Pray that your leaders would have enough confidence in God to trust his will and ways, and play their part in his plan with patience and gentleness.
4. Open to Reason
Good leaders are good listeners. Wisdom from above teaches a leader that he emphatically does not know it all, and desperately needs the help and insight of colleagues and congregants, and even his critics, to gain fresh perspective and continue to learn as he’s leading.
“Pray that your leaders would have enough confidence in God to trust his will and ways.”
Leaders in the church are teachers (Hebrews 13:7; 1 Timothy 3:2; 2 Timothy 2:24; Titus 1:9); they must do more than listen. They must speak. But it is essential that they be nothing less than good listeners. As James 1:19 says, “Let every person be quick to hear, slow to speak, slow to anger.” Yes, “every person” — and every leader all the more.

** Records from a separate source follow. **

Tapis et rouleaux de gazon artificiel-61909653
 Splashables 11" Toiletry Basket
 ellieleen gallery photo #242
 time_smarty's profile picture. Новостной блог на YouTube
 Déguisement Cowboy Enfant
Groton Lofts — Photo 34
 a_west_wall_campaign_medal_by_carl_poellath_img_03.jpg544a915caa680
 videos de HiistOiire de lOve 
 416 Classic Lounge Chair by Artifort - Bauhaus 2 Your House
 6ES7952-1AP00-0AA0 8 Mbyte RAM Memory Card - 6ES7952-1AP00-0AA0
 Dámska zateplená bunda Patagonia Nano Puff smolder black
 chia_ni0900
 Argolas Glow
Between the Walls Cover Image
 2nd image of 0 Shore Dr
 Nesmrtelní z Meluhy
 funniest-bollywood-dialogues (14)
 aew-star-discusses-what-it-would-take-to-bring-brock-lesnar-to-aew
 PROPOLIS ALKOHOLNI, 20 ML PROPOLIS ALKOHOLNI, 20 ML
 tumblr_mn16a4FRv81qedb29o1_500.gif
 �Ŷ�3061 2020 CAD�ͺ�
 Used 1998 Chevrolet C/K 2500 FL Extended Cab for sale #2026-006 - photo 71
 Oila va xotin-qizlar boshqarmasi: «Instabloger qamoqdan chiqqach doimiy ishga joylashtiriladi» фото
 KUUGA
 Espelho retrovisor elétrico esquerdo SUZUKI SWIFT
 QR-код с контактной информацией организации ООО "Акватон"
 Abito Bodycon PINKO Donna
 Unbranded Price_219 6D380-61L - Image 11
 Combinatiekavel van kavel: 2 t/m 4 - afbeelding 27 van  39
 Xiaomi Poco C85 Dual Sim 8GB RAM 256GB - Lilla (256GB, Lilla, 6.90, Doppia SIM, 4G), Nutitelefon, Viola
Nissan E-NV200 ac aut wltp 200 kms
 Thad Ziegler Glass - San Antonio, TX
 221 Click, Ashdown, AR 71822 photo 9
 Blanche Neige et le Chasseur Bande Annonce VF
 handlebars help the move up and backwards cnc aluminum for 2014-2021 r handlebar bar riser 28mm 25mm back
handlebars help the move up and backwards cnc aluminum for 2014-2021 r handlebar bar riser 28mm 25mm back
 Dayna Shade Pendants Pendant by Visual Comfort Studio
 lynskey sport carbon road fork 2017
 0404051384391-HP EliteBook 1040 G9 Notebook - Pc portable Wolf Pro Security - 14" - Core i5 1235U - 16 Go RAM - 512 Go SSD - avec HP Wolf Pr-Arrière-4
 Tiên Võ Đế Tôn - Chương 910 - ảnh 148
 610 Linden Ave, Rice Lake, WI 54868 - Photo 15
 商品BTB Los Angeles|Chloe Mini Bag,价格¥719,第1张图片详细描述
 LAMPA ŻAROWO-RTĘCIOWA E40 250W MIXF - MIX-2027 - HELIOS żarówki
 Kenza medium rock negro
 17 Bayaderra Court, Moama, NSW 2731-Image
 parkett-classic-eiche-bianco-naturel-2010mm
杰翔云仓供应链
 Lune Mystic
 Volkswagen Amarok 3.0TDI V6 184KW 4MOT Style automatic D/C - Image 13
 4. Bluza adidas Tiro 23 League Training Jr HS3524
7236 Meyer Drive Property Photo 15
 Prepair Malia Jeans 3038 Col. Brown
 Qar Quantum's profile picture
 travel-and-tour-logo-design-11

Pray that your leaders would be quick to hear, open to reason, and easily persuaded by good sense, argument, and rationale.
5. Full of Mercy and Good Fruit
True wisdom is inevitably practical. It comes out in action. “By his good conduct let him show his works in the meekness of wisdom” (James 3:13). And in the church in particular, such good fruit includes mercy.
Leaders who are simply just, and not merciful, have no place in the church. The church is the most mercied collective on the planet. Her leaders must know God’s mercy for them, and show God’s mercy to others. It’s true for every Christian, and all the most important for leaders: “Judgment is without mercy to one who has shown no mercy. Mercy triumphs over judgment” (James 2:13).
Impartiality is an especially important virtue for leaders. It’s bad enough when anyone plays favorites and treats others unfairly, but when it takes root among the leadership, the effects multiply. The whole church soon suffers.
The impartiality of God is a clear, and often overlooked, theme in the New Testament (1 Peter 1:17; Galatians 2:6; Romans 2:11; Acts 10:34; Luke 20:21; Ephesians 6:9; Colossians 3:25). Pray that the wisdom that comes from Christ would make his under-shepherds increasingly fair and impartial (James 2:1, 9; 1 Timothy 5:21).
“Pray that your leaders would practice what they preach, that they would be doers of God’s word and not teachers only.”
Sincerity now brings us full circle to purity at the beginning of the list. The term literally means “without hypocrisy.” Pray that your leaders would practice what they preach, that they would be doers of God’s word and not teachers only.
Pray that they would have the spirit of the apostles: “We are not, like so many, peddlers of God’s word, but as men of sincerity, as commissioned by God, in the sight of God we speak in Christ” (2 Corinthians 2:17). Pray that they would be free from people-pleasing and too much concern with public relations.
Pray that the leaders of Christ’s church would renounce “disgraceful, underhanded ways” and “refuse to practice cunning or to tamper with God’s word,” but that in a world of spin, posturing, and deception, they would lead “by the open statement of the truth” (2 Corinthians 4:2).